The 6th grade teacher recalls asking, “What ideas do you have for me?” during a recent face-to-face workshop with Wayne Feller and Kristin Daniels, the technology-integration specialists in the 8,500-student Stillwater Area Public Schools, in Minnesota.

The collaborative, technology-driven nature of the relationship between teachers and the technology coaches is the hallmark of what the Stillwater district calls “flipped professional development.” Known as job-embedded coaching in educational leadership circles, flipped PD offers face-to-face support and personalized online resources, such as how-to videos on using interactive-whiteboard software or the iPad’s multi-tasking bar. Teachers watch the videos to find new or better approaches and then discuss developing those approaches with the technology-integration specialists.

Under that system, Wilcek, who teaches at the 347-student Andersen Elementary School, learned how to edit student-shot movies in iMovie, export them into iBooks Author, and post the finished products on her website for downloading.

“I wouldn’t have had the knowledge or time to pull all of that together,” she says. “It’s such a gift to have the specialists sit right next to you. They give me the confidence to move forward because I know I can have support whenever I want it.”

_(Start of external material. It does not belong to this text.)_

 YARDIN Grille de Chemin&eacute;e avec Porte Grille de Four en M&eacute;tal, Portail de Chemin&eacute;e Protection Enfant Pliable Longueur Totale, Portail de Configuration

Stillwater started flipped PD in 2011-12. Here’s how it works: Feller and Daniels meet with 200 classroom teachers and specialists in small groups each month for structured, two-hour coaching/training and workshop sessions that focus on individual projects, then offer additional guidance by request. So far, the model is used in all nine of the district’s elementary schools, with 93 percent of classroom teachers participating.

Coaching support is essential if teachers are to use technology effectively in the classroom, according to a 2011 white paper released by the International Society for Technology in Education, a Washington-based membership association that promotes innovative uses of educational technology. To support that idea, ISTE now has benchmarks for technology coaches seeking to give effective guidance and support to teachers in a digital age.

Attitude Shifts

Unlike in traditional professional development, context plays a critical role in flipped PD. Content area, grade level, technological expertise, and the interests of each teacher and specialist affect the type of online training offered.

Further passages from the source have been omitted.